THROUGH THE EYES OF A POLICEMAN
Congratulations Robert Moses for coming in first-place in the first-ever Eric Williams Scholarship Fund Art Contest. Thank you for all your hard work and participation!
Robert Moses has been teaching for over 50 years. Currently he teaches art at a Jewish high school in Kingston, PA and also teaches math and science at a rabbinical college in Wilkes-Barre. His goal is to graduate from LCCC with an associates degree in drawing and painting. When asked about his long teaching career Mr. Moses commented, “I have never worked a day in my life.”
A peaceful medieval town, somewhere in France, around 1096-1099, the time of the First Crusades. Street is empty, morning has come, two Crusader tents are visible on the roof of the last building suggesting the beginning of the Crusades. At the end of the street is an arch allowing movement down the street onto open fields. Bright blue light reflects off windows made from flattened animal horns. All is well.

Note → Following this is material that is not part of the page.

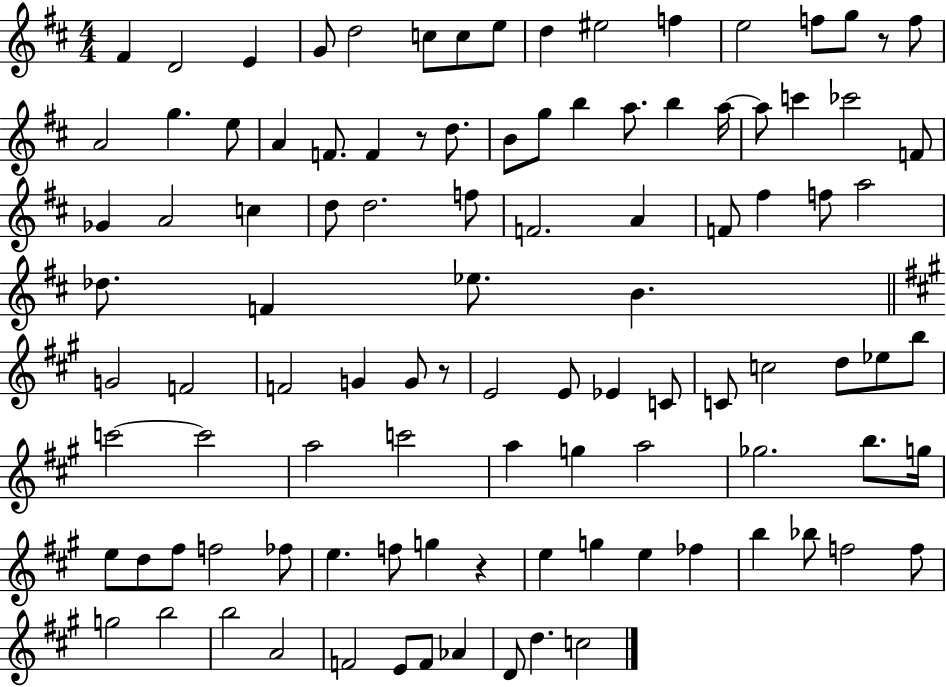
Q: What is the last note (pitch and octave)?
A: C5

The architecture, almost the same as the French medieval town, is evident. The road, however, is different: instead of an easy passage out of town, an ominous house with high black doors blocks the exit from the street.
On the right side, an American flag is drooped over a black wooden post projecting out of the wall. The flag is wrongly positioned with the stars next to the wall. The stars are fuzzy, out-of-focus, indistinct. The black stripes on the flag and the blue line remind us that police lives matter. In Pittsburgh, as well as in all active shooter situations, police risk their lives to save the lives of citizens.

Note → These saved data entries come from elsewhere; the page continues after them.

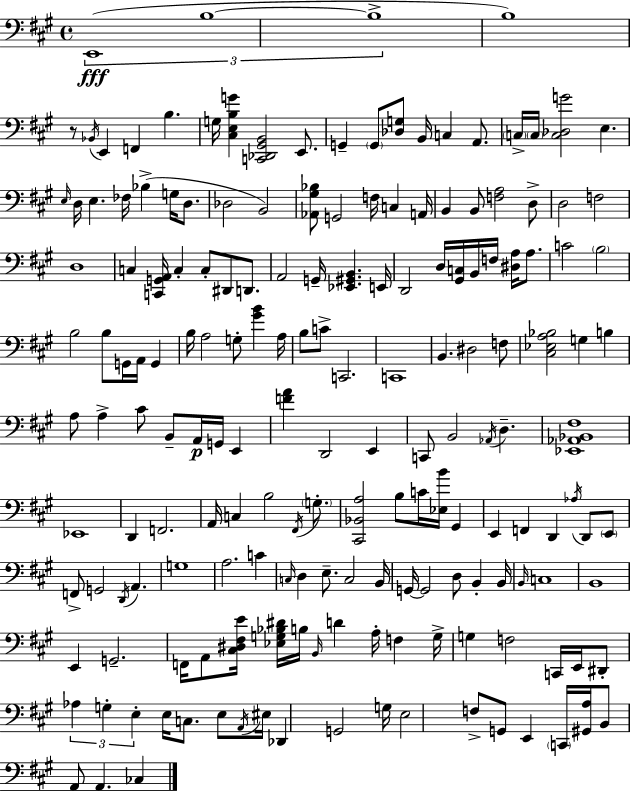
X:1
T:Untitled
M:4/4
L:1/4
K:A
E,,4 B,4 B,4 B,4 z/2 _B,,/4 E,, F,, B, G,/4 [^C,E,B,G] [C,,_D,,^G,,B,,]2 E,,/2 G,, G,,/2 [_D,G,]/2 B,,/4 C, A,,/2 C,/4 C,/4 [C,_D,G]2 E, E,/4 D,/4 E, _F,/4 _B, G,/4 D,/2 _D,2 B,,2 [_A,,^G,_B,]/2 G,,2 F,/4 C, A,,/4 B,, B,,/2 [F,A,]2 D,/2 D,2 F,2 D,4 C, [C,,G,,A,,]/4 C, C,/2 ^D,,/2 D,,/2 A,,2 G,,/4 [_E,,^G,,B,,] E,,/4 D,,2 D,/4 [^G,,C,]/4 B,,/4 F,/4 [^D,A,]/4 A,/2 C2 B,2 B,2 B,/2 G,,/4 A,,/4 G,, B,/4 A,2 G,/2 [^GB] A,/4 B,/2 C/2 C,,2 C,,4 B,, ^D,2 F,/2 [^C,_E,A,_B,]2 G, B, A,/2 A, ^C/2 B,,/2 A,,/4 G,,/4 E,, [FA] D,,2 E,, C,,/2 B,,2 _A,,/4 D, [_E,,_A,,_B,,^F,]4 _E,,4 D,, F,,2 A,,/4 C, B,2 ^F,,/4 G,/2 [^C,,_B,,A,]2 B,/2 C/4 [_E,B]/4 ^G,, E,, F,, D,, _A,/4 D,,/2 E,,/2 F,,/2 G,,2 D,,/4 A,, G,4 A,2 C C,/4 D, E,/2 C,2 B,,/4 G,,/4 G,,2 D,/2 B,, B,,/4 B,,/4 C,4 B,,4 E,, G,,2 F,,/4 A,,/2 [^C,^D,^F,E]/4 [_E,G,_B,^D]/4 B,/4 B,,/4 D A,/4 F, G,/4 G, F,2 C,,/4 E,,/4 ^D,,/2 _A, G, E, E,/4 C,/2 E,/2 A,,/4 ^E,/4 _D,, G,,2 G,/4 E,2 F,/2 G,,/2 E,, C,,/4 [^G,,A,]/4 B,,/2 A,,/2 A,, _C,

Through the eyes of a policeman, who is highly stressed due to the blood that is coming from under the synagogue door at the end of the street, all is not the way it should be. The flag stars are out-of-focus, and roof on the third building seems to continue going upward as if straight to heaven, because the policeman is focused on the blood. On top of the next roof are Crusader tenets, turned blood red.

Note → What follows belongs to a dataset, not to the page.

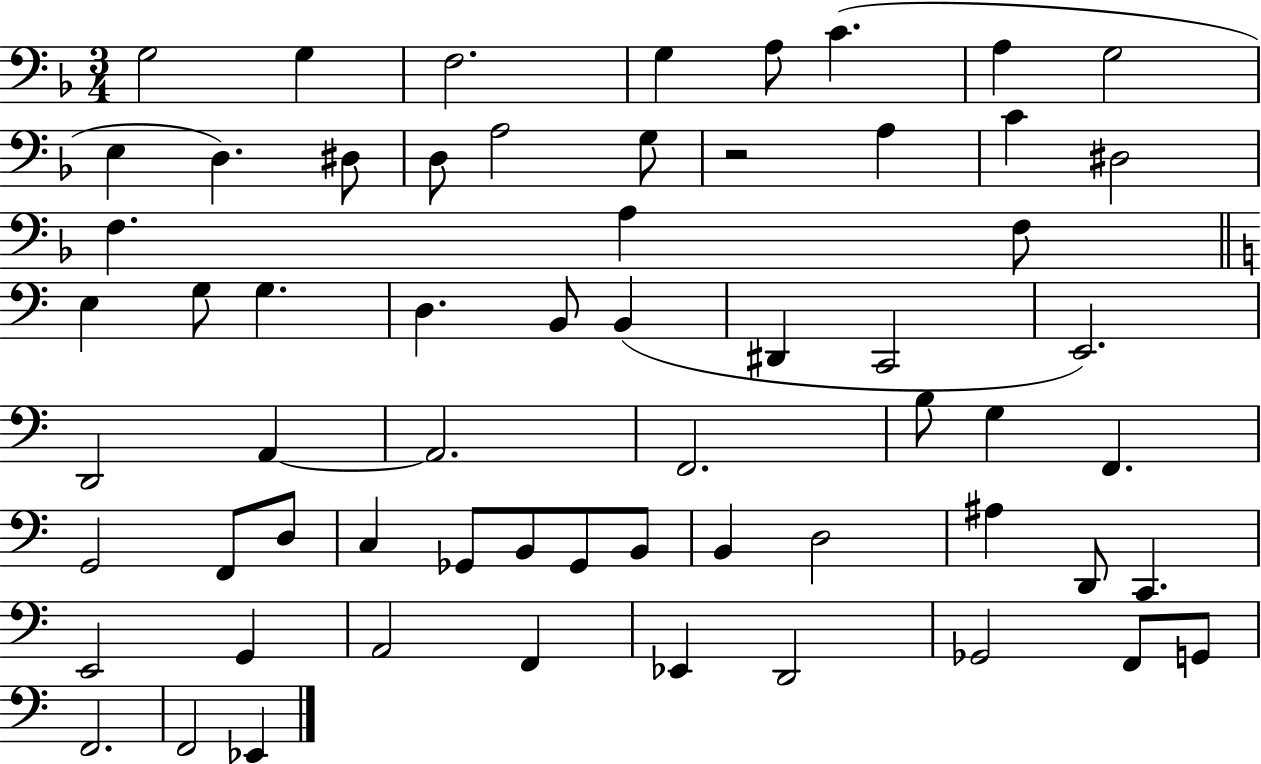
G3/h G3/q F3/h. G3/q A3/e C4/q. A3/q G3/h E3/q D3/q. D#3/e D3/e A3/h G3/e R/h A3/q C4/q D#3/h F3/q. A3/q F3/e E3/q G3/e G3/q. D3/q. B2/e B2/q D#2/q C2/h E2/h. D2/h A2/q A2/h. F2/h. B3/e G3/q F2/q. G2/h F2/e D3/e C3/q Gb2/e B2/e Gb2/e B2/e B2/q D3/h A#3/q D2/e C2/q. E2/h G2/q A2/h F2/q Eb2/q D2/h Gb2/h F2/e G2/e F2/h. F2/h Eb2/q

Pittsburgh is experiencing murder. The police are called. A black car with no eyes portends disaster as it sits on a medieval cart used to bring out he dead during the Black Plague.
As our policeman feels the enormity of what has happened in Pittsburgh, as if a new plague had been brought to America by way of hatred, a crusade of hatred so to speak, not a crusade of love, the policeman realizes that the Middle Ages has come to Pittsburgh. In the midst of this disaster the tree of life continues to be green.